Early success caused rifts within the band and Curtis left in 1968, before the release of ‘Build Me Up Buttercup’.
Clem Curtis continued to perform under various guises and alongside fellow soul performers right up until near the end of his life when illness prevented it.
He was on more than one occasion referred to as the “Godfather of English Soul”.
2. Organist and songwriter credited with composing more than 1,000 hymn tunes
Henry Gauntlett was born in Shropshire in 1805 but moved to Olney early in life when his father (also Henry Gauntlett) became curate, and later vicar, here.
The Oxford Dictionary of National Biography confirms that while Gauntlett senior wanted Henry’s sisters to take up the organ, the younger Gauntlett rebelled and learned the instrument himself.
In 1815, at the age of just nine, Gauntlett became chief organist at Olney church.
While Gauntlett would go on to have a decades-long career as a lawyer, music remained his passion. He was organist at several leading London churches and eventually gained a Doctor of Music degree, conferred on him by the Archbishop of Canterbury. It was the first degree awarded in this way for more than 200 years.
During a distinguished career, Gauntlett’s output was huge. His best-known tune is ‘Irby’, which is now more widely known as the tune to the Christmas carol ‘Once in Royal David’s City’.
3. Moses Browne, poet and vicar at Olney church during the 1700s
While little is known about the birthplace of poet and cleric Moses Browne, we do know that he was ordained in 1753, the same year he became vicar of Olney.
He later had to leave his post, partly due to the size of his family (he was said to have had between 11 and 13 children with his wife Ann Wibourne). He did, though, maintain a connection to Olney until he died in 1787.
As well as his work for the church, Browne found fame as a poet.
The Gentleman’s Magazine was a monthly publication founded in London in January 1731. It is worthy of note as both the first publication to use the term “magazine” and as an early employer of Dr Samuel Johnson, the poet, playwright, essayist, and lexicographer.
Browne’s connection to The Gentleman’s Magazine began when he contributed poems, for which the magazine’s founder Edward Cave awarded Browne several prizes.
The magazine would run for almost 200 years before closing for good in 1922.
4. Dan Wheldon, IndyCar Championship and Indianapolis 500 winner
Daniel Wheldon was born in the village of Emberton (just a mile south of Olney) in 1978.
At the age of just 19, a love of motor racing took him to America to further his career. It was here that the inspirational driver, referred to in the American press as “charismatic” and “cocky but likeable”, quickly excelled. He found early success and went on to win the 2005 IndyCar Series Drivers’ Championship as well as the Indianapolis 500 in 2005 and 2011.

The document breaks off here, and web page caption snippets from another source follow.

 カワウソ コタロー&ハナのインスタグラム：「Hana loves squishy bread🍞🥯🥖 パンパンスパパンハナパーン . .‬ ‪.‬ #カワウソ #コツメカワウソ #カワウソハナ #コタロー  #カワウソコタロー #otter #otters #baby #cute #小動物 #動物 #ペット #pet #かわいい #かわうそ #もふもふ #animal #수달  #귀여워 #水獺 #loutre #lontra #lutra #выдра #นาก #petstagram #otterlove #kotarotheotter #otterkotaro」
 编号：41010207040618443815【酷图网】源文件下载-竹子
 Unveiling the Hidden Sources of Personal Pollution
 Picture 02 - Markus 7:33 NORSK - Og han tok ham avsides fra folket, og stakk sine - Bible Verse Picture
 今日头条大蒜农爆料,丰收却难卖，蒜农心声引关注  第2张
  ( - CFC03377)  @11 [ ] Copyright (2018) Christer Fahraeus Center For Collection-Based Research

In total, Wheldon had 128 starts in IndyCar with 16 wins.
On October 16, 2011, Wheldon was involved in a multi-car accident in Las Vegas, in which he tragically lost his life.
5. John Newton, former slave ship captain turned abolitionist and writer of ‘Amazing Grace’
Olney is known as the “home of ‘Amazing Grace’”, one of the world’s most well-known hymns.
This is thanks to its composition by former-slave-ship-captain-turned-abolitionist, the Reverend John Newton, who was ordained in 1764 and later appointed as curate in Olney. It was here, with William Cowper, that he published the 1779 work The Olney Hymns.
The words to ‘Amazing Grace’, originally called ‘Faith’s Review and Expectation’, were first heard in St Peter and St Paul’s church in Olney.
After a life in the Royal Navy, and subsequently as a slave ship captain, Newton published a 1788 pamphlet titled ‘Thoughts Upon the African Slave Trade’. He became an abolitionist and mentor to Britain’s abolitionist movement leader, William Wilberforce.